Start of Material provided

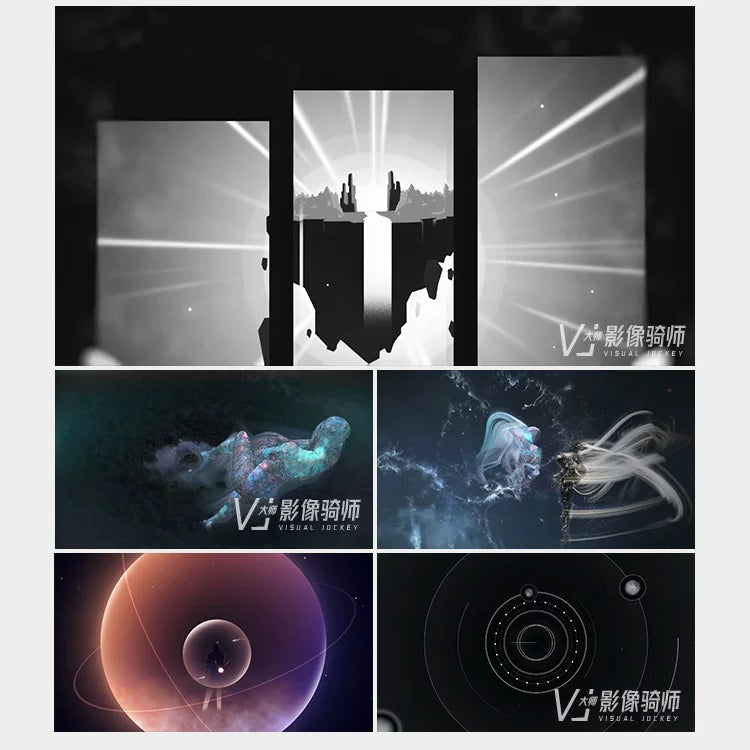 Visual Pack 🎬 | Rhythmic Cartoon Dance Visual | LED Stage Background VJ Loop ✨🎨💃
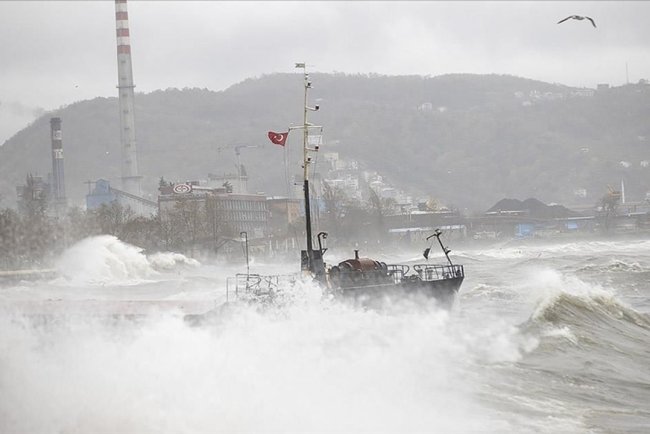 Batı Karadeniz için fırtına uyarısı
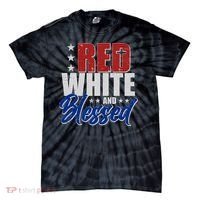 Red White And Blessed Tie-Dye T-Shirt thumb 0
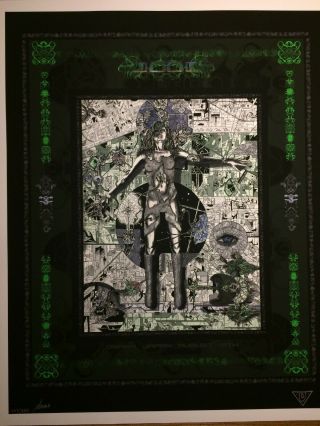 Tool Japan 2006 Concert Poster Orig Signed Numbered Edition Macrae 247/350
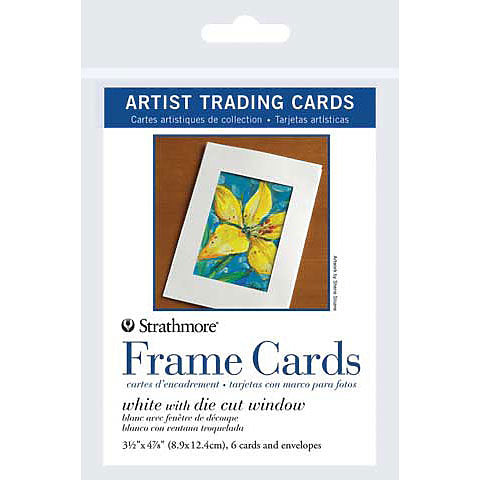 Artist Trading Card Packs - White Frame Cards (6 pack) by Strathmore - K. A. Artist Shop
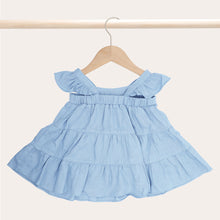 Load image into Gallery viewer, Baby Girls Linen Vintage Dress Ruffle Retro Flower Girl Dresses Little Girl Cotton Linen Cute Suspender Sundress with Smocking Casual Dress Sleeveless for Spring Summer 0-4 Years Toddler Girl Fly Sleeve Linen Cotton Solid Wide Camisole Dress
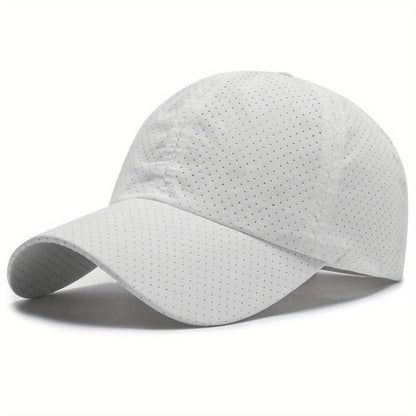 Breathable Mesh Baseball Cap with UV Protection for Outdoor Sports, Hiking, Running & Cycling | Lightweight Fast-Drying Summer Hat for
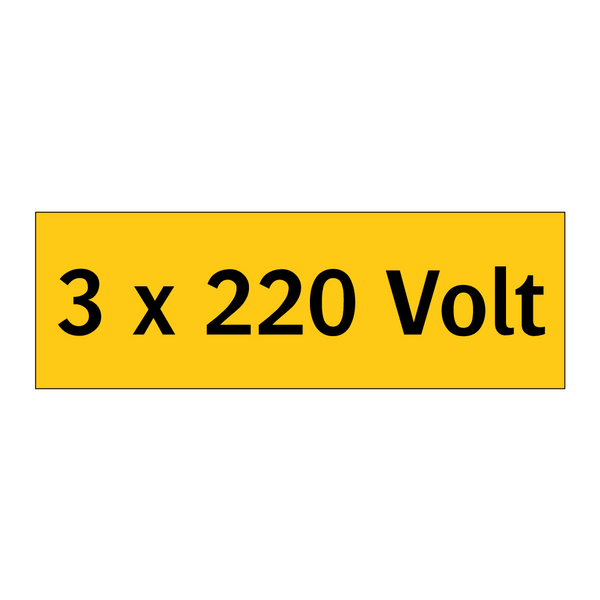 3 x 220 Volt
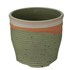 Cachepot Ceramica Rose Stripe Cinza House 44378
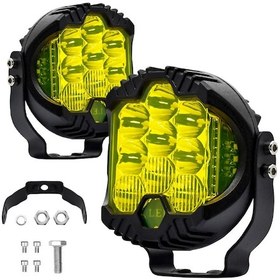 Resim Honmex 3 İnç Led Arazi Aracı Lambası 2 Adet - Orta Beyaz Sürekli, Yanak Sarı Sürekli Ve Parıltı Işık - 150w Ip67 Dayanıklı 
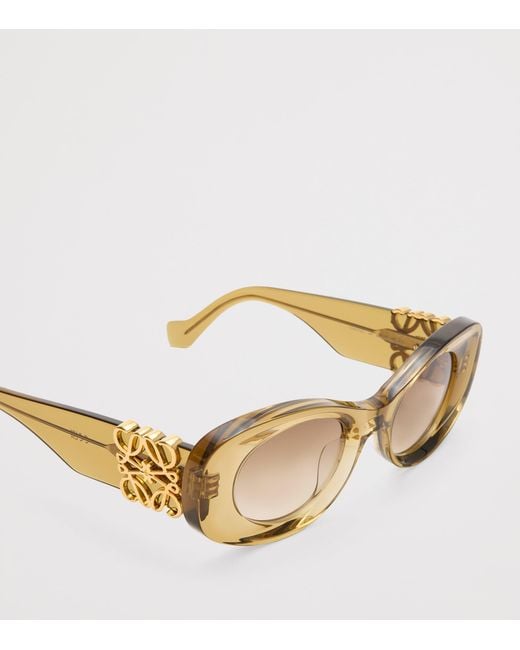 Loewe Natural Bevelled Oval Sunglasses
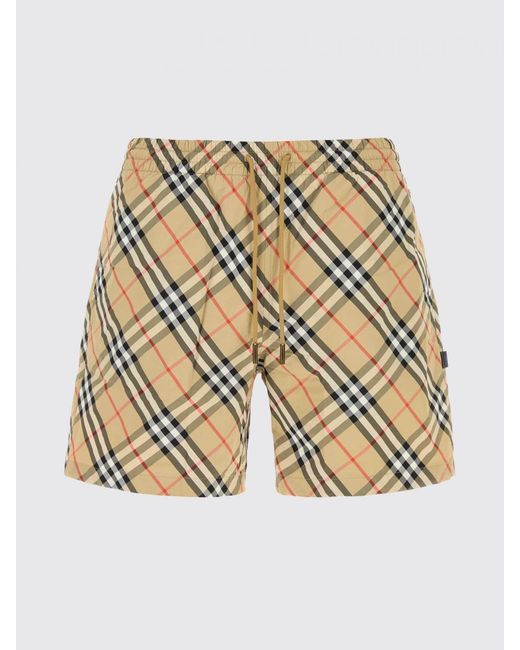 Burberry Natural Check Nylon Swimsuit for men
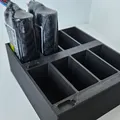 Hộp/khay sắp xếp pin (xe RC và khác) cho 8 viên - Thumbnail 1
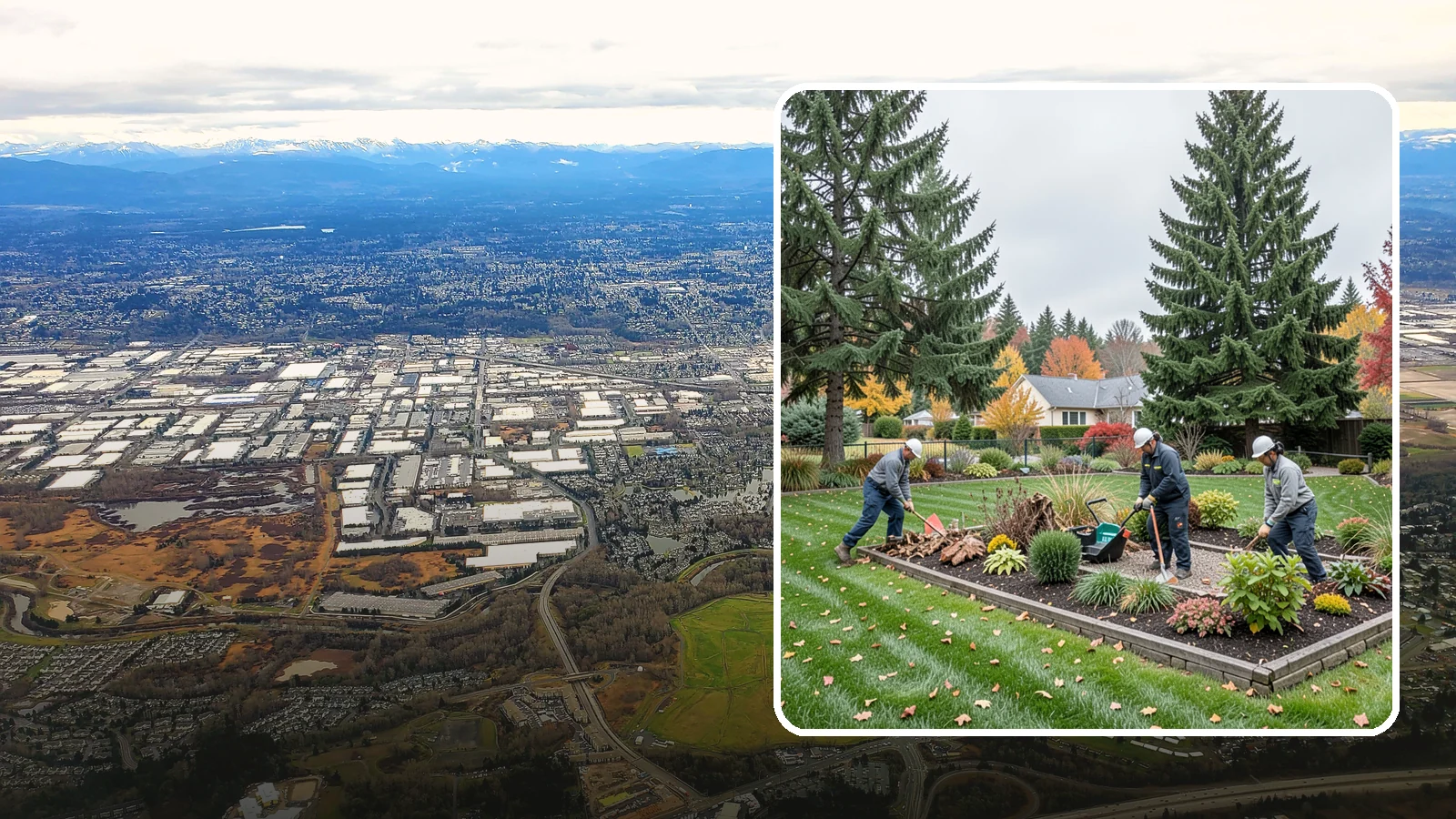 Winterization in Kent, King County, WA - End-of-season winterization that protects plants, beds, and features from Pacific Northwest winter weather.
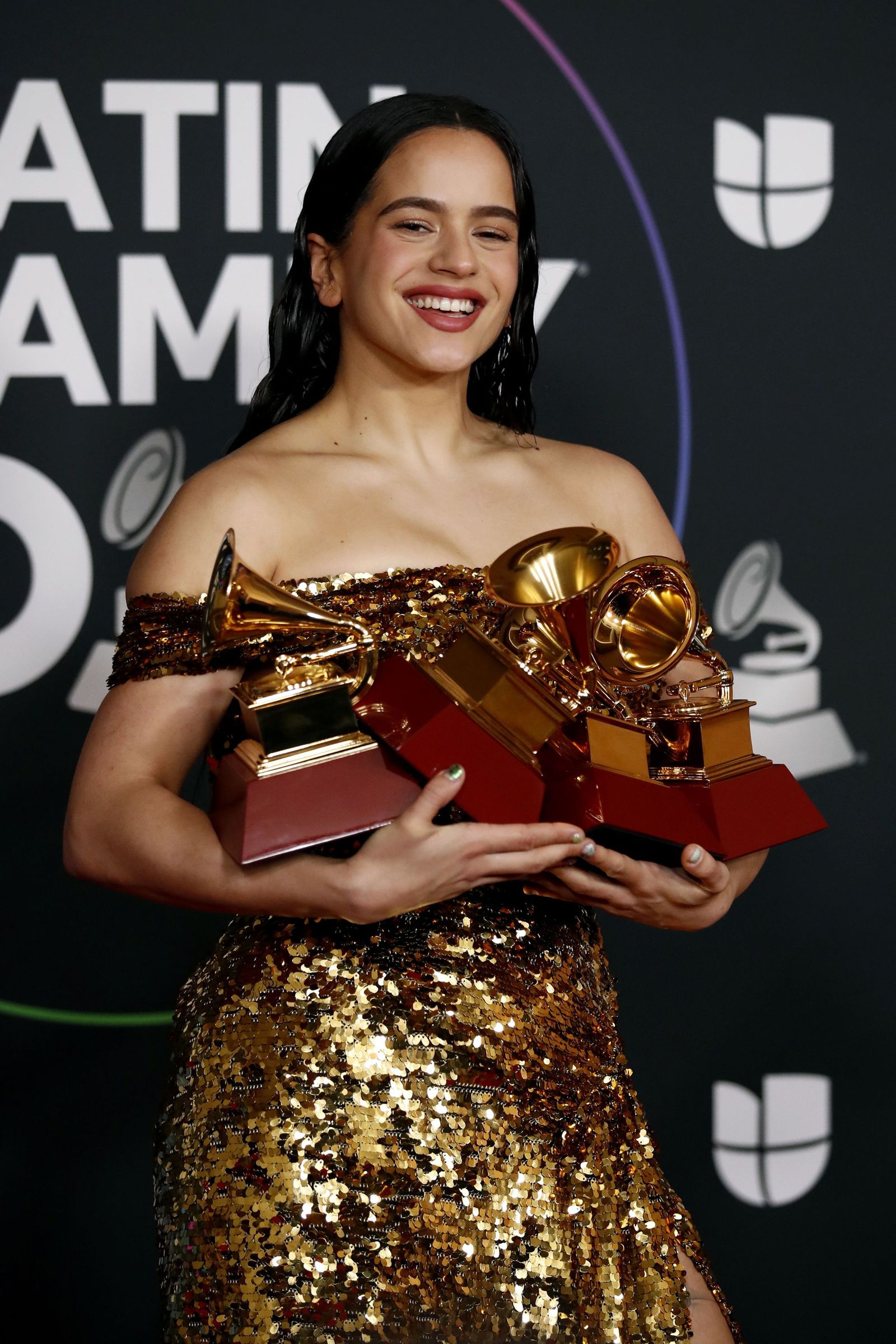 La alfombra roja de los Grammy latinos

End of Material provided

# [Task requirements]
Transcribe every line of the data exactly. No pictures go in the copy.

# [Response below]
 Visual Pack 🎬 | Rhythmic Cartoon Dance Visual | LED Stage Background VJ Loop ✨🎨💃
 Batı Karadeniz için fırtına uyarısı
 Red White And Blessed Tie-Dye T-Shirt thumb 0
 Tool Japan 2006 Concert Poster Orig Signed Numbered Edition Macrae 247/350
 Artist Trading Card Packs - White Frame Cards (6 pack) by Strathmore - K. A. Artist Shop
 Load image into Gallery viewer, Baby Girls Linen Vintage Dress Ruffle Retro Flower Girl Dresses Little Girl Cotton Linen Cute Suspender Sundress with Smocking Casual Dress Sleeveless for Spring Summer 0-4 Years Toddler Girl Fly Sleeve Linen Cotton Solid Wide Camisole Dress
 Breathable Mesh Baseball Cap with UV Protection for Outdoor Sports, Hiking, Running & Cycling | Lightweight Fast-Drying Summer Hat for
 3 x 220 Volt
 Cachepot Ceramica Rose Stripe Cinza House 44378
 Resim Honmex 3 İnç Led Arazi Aracı Lambası 2 Adet - Orta Beyaz Sürekli, Yanak Sarı Sürekli Ve Parıltı Işık - 150w Ip67 Dayanıklı 
 Loewe Natural Bevelled Oval Sunglasses
 Burberry Natural Check Nylon Swimsuit for men
 Hộp/khay sắp xếp pin (xe RC và khác) cho 8 viên - Thumbnail 1
 Winterization in Kent, King County, WA - End-of-season winterization that protects plants, beds, and features from Pacific Northwest winter weather.
 La alfombra roja de los Grammy latinos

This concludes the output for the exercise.